Interruptibility

https://arbital.com/p/interruptibility

by Eliezer Yudkowsky Feb 13 2017 updated Feb 13 2017

A subproblem of corrigibility under the machine learning paradigm: when the agent is interrupted, it must not learn to prevent future interruptions.


"Interruptibility" is a subproblem of corrigibility (creating an advanced agent that allows us, its creators, to 'correct' what we see as our mistakes in constructing it), as seen from a machine learning paradigm. In particular, "interruptibility" says, "If you do interrupt the operation of an agent, it must not learn to avoid future interruptions."

The groundbreaking paper on interruptibility, "Safely Interruptible Agents", was published by [ Laurent Orseau] and [ Stuart Armstrong]. This says, roughly, that to avoid a model-based reinforcement-learning algorithm from learning to avoid interruption, we should, after any interruption, propagate internal weight updates as if the agent had received exactly its expected reward from before the interruption. This approach was inspired by [ Stuart Armstrong]'s earlier idea of Utility indifference.

Contrary to some uninformed media coverage, the above paper doesn't solve the general problem of getting an AI to not try to prevent itself from being switched off. In particular, it doesn't cover the advanced-safety case of a sufficiently intelligent AI that is trying to achieve particular future outcomes and that realizes it needs to go on operating in order to achieve those outcomes.

Rather, if a non-general AI is operating by policy reinforcement - repeating policies that worked well last time, and avoiding policies that worked poorly last time, in some general sense of a network being trained - then 'interruptibility' is about making an algorithm that, after being interrupted, doesn't define this as a poor outcome to be avoided (nor a good outcome to be repeated).

One way of seeing that Interruptibility doesn't address the general-cognition form of the problem is that Interruptibility only changes what happens after an actual interruption.
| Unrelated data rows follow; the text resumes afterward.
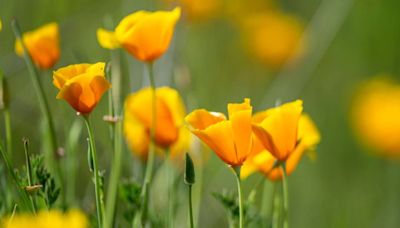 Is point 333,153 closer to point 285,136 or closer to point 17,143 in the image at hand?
point 17,143

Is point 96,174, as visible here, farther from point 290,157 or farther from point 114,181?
point 290,157

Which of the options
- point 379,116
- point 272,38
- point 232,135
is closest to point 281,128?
point 232,135

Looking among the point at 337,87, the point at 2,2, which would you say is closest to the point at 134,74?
the point at 2,2

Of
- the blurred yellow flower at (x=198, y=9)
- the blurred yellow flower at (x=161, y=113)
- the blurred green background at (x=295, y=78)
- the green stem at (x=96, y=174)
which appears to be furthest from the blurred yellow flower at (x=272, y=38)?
the green stem at (x=96, y=174)

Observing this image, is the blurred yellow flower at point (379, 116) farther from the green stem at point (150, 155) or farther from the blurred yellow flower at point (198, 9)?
the green stem at point (150, 155)

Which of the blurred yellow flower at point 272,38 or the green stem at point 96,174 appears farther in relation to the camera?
the blurred yellow flower at point 272,38

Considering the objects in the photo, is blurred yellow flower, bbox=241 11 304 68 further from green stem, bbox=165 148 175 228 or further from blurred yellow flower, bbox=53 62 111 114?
blurred yellow flower, bbox=53 62 111 114

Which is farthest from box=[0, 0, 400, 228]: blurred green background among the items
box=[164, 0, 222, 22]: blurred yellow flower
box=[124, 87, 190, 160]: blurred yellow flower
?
box=[124, 87, 190, 160]: blurred yellow flower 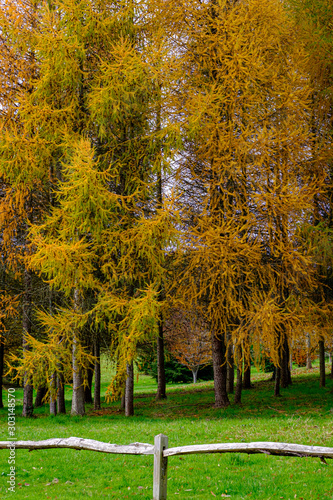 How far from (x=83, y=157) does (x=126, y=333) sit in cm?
467

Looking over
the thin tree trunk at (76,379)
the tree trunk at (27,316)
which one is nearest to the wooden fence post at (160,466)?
the thin tree trunk at (76,379)

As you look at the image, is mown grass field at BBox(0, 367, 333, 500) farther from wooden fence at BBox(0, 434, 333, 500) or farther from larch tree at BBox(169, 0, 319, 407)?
larch tree at BBox(169, 0, 319, 407)

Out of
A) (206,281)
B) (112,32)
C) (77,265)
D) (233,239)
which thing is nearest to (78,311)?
(77,265)

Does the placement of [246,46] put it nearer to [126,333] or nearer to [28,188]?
[28,188]

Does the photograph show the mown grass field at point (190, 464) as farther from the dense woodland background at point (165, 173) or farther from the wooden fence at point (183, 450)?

So if a problem can arise from an AI foreseeing interruption in advance, before having ever actually been shut off, interruptibility won't address that (on the current paradigm).
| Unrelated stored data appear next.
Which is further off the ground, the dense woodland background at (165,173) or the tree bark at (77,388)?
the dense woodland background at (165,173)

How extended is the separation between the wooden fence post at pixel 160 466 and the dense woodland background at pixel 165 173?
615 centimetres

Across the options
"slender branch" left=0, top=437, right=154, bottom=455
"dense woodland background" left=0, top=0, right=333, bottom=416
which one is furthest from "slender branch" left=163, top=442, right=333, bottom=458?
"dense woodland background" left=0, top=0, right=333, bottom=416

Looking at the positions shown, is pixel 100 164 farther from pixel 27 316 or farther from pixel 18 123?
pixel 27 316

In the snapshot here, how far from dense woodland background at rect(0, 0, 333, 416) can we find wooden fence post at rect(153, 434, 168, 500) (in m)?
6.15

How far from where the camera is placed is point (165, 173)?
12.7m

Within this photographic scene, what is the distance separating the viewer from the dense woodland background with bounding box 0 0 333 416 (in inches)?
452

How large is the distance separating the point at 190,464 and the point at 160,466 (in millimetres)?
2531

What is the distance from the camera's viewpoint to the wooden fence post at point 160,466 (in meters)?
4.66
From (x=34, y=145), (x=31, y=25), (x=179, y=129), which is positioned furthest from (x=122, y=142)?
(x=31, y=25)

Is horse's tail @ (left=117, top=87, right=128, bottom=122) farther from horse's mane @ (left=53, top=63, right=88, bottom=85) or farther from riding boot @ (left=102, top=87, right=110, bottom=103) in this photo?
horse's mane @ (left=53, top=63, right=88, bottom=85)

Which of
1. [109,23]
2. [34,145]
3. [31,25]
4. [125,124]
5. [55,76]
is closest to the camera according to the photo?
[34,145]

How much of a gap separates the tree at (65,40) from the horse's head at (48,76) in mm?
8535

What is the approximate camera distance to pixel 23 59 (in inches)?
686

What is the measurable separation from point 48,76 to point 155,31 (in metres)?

Similarly, interruptibility would not be consistent under cognitive reflection; a sufficiently advanced AI that knew about the existence of the interruptibility code would have no reason to want that code to go on existing. (It's hard to even phrase that idea inside the reinforcement learning framework.)

Metaphorically speaking, we could see the general notion of 'interruptibility' as the modern-day shadow of corrigibility problems for non-generally-intelligent, non-future-preferring, non-reflective machine learning algorithms.

For an example of ongoing work on the advanced-agent form of Corrigibility, see the entry on Armstrong's original proposal of Utility indifference.